If you have a model that takes long solving, such an overhead is of course negligible, but this is not the case in your setup. The one thing I can do: I'll create an option where you can pass the GAMSWorkspace such that you can init it once instead of in every solve. But this won't solve the issue.

@odow Do you know how I could have an option of type GAMSWorkspace in MathOptInterface (via MOI.AbstractOptimizerAttribute)? I currently get the following error:

ERROR: MethodError: no method matching map_indices(::MathOptInterface.Utilities.var"#7#8"{MathOptInterface.Utilities.IndexMap}, ::GAMSWorkspace)

It seems like that options are allowed to only take certain types. Or shouldn't a GAMSWorkspace be passed as MOI.AbstractOptimizerAttribute.

odow commented

For environments like this, the easiest way is probably like Gurobi's Env.

Modify Optimizer to take a workspace argument:

workspace = GAMS.Workspace()
model = Model(() -> GAMS.Optimizer(workspace))

The map_indices thing is here: https://github.com/jump-dev/MathOptInterface.jl/blob/master/src/Utilities/functions.jl#L55-L163. You probably just want

MOI.Utilities.map_indices(::MOI.Utilities.IndexMap, x::GAMSWorkspace) = x

Thanks @odow, I followed the way Gurobi.jl does it.

Since GAMS.jl version 0.2.3, a GAMS workspace can be initialized with either:

ws = GAMS.GAMSWorkspace()
ws = GAMS.GAMSWorkspace("<gams_system_dir>")
ws = GAMS.GAMSWorkspace("<gams_system_dir>", "<gams_working_dir>")

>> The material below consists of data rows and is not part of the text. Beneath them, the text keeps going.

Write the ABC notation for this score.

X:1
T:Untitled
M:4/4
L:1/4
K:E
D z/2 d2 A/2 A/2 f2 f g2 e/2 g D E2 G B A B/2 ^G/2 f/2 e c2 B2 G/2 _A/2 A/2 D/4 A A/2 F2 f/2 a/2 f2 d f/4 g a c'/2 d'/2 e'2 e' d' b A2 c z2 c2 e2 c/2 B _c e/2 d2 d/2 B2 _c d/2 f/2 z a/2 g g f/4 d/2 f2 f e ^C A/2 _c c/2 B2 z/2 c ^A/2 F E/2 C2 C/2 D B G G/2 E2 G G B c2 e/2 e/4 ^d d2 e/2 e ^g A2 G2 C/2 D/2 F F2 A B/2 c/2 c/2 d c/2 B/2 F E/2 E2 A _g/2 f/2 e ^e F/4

and the model then initialized with

model = Model(() -> GAMS.Optimizer(ws))

With this you are able to create a GAMSWorkspace once and use it for all models in your loop, @Jovansam. Unfortunately, this only reduces the execution time slightly. Because I cannot improve the GAMS command call at the moment, I'll close the issue. If you think that the bottleneck is somewhere else, please don't hesitate and reopen the issue.